Source:
https://scmp.com/article/73173/another-day

On another day

ON May 5, 1844, the body of a baker named Wilkinson was picked up in Whampoa Reach in a ghastly state of decomposition. Three sailors Charles Ingwood, Thomas Cox and John Mears, serving aboard HMS Driver, were charged with the murder. Their shipmate, Joseph Charlow, turned Queen's evidence in exchange for a pardon.

''After drinking together, they all came off in a Chinese sampan, when, some angry words passing between them, it was alleged the prisoners set upon Wilkinson, tied up his hands and feet, and threw him overboard.'' The evidence revealed that everybody was drunk - but ''sober enough to know what they were doing''. It appears that the baker had been extremely abusive. Ingwood was found guilty and sentenced to death; but the jury acquitted Cox and Mears, who were sitting aft ''being mere spectators of the awful drama being perpetrated''.

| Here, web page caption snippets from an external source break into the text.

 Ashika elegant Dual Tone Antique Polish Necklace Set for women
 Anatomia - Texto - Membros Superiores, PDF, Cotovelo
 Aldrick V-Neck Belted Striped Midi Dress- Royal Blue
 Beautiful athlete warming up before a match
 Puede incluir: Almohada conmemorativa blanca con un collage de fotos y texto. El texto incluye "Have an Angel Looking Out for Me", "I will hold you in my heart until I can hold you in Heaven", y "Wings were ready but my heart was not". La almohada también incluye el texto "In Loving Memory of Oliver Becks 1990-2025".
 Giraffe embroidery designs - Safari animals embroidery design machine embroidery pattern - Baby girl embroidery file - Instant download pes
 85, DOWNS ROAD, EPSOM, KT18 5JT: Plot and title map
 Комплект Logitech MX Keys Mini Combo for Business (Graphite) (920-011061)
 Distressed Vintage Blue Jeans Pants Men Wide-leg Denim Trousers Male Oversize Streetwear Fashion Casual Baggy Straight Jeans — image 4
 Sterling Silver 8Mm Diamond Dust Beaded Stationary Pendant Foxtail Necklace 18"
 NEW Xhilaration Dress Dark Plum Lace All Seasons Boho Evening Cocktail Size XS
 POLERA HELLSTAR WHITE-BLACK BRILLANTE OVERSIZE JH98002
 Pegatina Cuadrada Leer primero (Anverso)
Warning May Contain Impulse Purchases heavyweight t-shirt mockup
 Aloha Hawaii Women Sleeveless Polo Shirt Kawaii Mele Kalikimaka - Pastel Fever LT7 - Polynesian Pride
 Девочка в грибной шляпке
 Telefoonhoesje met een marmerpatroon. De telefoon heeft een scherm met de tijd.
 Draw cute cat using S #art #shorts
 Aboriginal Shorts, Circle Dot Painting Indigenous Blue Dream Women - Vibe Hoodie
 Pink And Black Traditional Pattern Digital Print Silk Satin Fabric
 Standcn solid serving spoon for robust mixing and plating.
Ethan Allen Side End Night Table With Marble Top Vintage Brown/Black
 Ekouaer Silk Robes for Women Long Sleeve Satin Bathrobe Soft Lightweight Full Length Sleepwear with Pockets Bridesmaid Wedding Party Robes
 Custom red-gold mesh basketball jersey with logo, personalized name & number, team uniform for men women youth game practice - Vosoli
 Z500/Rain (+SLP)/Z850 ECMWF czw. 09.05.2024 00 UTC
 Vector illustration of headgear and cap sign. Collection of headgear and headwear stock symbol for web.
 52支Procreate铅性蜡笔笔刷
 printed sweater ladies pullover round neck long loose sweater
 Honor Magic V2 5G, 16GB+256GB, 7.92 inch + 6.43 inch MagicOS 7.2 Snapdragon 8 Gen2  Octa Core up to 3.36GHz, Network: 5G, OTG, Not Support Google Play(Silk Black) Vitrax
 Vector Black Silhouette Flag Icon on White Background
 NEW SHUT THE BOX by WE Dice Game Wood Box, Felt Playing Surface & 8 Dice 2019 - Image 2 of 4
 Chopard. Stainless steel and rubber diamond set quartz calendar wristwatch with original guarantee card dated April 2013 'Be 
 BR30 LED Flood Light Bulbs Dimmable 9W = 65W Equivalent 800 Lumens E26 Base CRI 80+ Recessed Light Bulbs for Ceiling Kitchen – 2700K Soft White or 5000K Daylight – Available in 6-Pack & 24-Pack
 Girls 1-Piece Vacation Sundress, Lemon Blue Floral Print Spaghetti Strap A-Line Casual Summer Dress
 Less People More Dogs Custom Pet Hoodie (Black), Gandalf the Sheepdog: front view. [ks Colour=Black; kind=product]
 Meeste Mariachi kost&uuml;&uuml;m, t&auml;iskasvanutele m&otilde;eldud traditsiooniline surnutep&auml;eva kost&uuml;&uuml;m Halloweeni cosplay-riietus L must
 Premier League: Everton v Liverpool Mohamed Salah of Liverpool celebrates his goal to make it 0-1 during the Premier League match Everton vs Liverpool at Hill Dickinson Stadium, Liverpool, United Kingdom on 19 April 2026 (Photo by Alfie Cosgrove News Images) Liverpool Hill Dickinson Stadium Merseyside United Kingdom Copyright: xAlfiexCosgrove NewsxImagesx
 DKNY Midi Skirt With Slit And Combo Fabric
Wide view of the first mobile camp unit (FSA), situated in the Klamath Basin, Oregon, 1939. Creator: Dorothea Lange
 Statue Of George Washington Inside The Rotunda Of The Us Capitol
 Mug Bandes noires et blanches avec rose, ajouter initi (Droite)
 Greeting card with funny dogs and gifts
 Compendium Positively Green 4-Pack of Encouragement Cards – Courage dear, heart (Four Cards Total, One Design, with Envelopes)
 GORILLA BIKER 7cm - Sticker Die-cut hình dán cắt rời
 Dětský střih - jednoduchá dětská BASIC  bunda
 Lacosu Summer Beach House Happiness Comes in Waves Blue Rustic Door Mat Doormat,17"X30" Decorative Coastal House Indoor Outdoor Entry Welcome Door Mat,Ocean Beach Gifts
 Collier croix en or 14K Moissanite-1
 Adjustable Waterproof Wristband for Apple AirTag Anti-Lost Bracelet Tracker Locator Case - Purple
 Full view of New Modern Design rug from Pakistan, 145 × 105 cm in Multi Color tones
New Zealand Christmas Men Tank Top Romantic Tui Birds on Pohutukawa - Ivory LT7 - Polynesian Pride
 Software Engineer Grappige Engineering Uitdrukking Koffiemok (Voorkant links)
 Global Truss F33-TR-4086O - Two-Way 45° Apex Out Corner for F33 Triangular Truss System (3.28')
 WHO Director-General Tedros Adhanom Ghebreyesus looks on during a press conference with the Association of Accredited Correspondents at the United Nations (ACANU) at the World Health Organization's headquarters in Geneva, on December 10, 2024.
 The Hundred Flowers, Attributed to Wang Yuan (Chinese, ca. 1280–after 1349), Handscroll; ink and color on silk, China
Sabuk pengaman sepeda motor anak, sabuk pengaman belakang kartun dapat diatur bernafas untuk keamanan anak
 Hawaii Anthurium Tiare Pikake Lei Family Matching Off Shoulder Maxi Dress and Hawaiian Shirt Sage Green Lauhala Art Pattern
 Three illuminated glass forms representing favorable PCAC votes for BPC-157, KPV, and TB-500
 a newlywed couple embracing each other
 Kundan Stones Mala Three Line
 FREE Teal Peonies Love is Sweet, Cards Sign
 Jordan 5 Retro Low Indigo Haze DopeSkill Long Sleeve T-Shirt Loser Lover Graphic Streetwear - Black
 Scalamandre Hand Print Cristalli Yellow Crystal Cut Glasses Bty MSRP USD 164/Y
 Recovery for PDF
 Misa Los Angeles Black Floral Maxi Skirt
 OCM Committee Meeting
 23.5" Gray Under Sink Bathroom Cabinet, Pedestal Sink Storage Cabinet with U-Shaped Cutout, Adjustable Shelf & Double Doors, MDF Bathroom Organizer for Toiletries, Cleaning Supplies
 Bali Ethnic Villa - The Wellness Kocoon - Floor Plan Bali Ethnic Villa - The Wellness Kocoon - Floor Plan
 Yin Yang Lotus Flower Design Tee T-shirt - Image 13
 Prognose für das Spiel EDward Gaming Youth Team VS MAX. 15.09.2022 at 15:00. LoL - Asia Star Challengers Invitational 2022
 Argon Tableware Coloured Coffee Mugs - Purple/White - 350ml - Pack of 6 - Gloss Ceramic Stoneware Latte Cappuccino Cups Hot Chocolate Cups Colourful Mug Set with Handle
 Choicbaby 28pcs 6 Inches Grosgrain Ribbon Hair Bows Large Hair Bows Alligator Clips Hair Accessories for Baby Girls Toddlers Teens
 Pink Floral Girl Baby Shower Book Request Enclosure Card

Ingwood blamed his murderous rage on samshoo, a vile, intoxicating drink sold by unscrupulous tavern keepers to unwary blue-jackets. According to the Chinese Repository, a religious newspaper, this lethal brew was a sickening mixture of alcohol, tobacco juice, sugar and arsenic.

As Ingwood had clearly been ''maddened by provocation and liquor'' the new governor, Sir John Davis, was expected to pardon him. Unfortunately for Ingwood, a Chinese robber Chun Afoon had been sentenced to death a few days earlier for attempted murder - he had shot at his victim and missed.

It was argued that it could be regarded as ''judicial murder'' to hang Chun and pardon Ingwood. Chun had not actually killed anyone, whereas Ingwood had actually committed murder most foul.

British justice must be seen to be fair and impartial. Before the double execution, Ingwood lectured his shipmates on the evils of samshoo and Chun was received into ''the bosom of the Roman Catholic Church''. Ingwood made history by being the first Englishman to be hanged in Hong Kong. There must be pleasanter ways of achieving fame.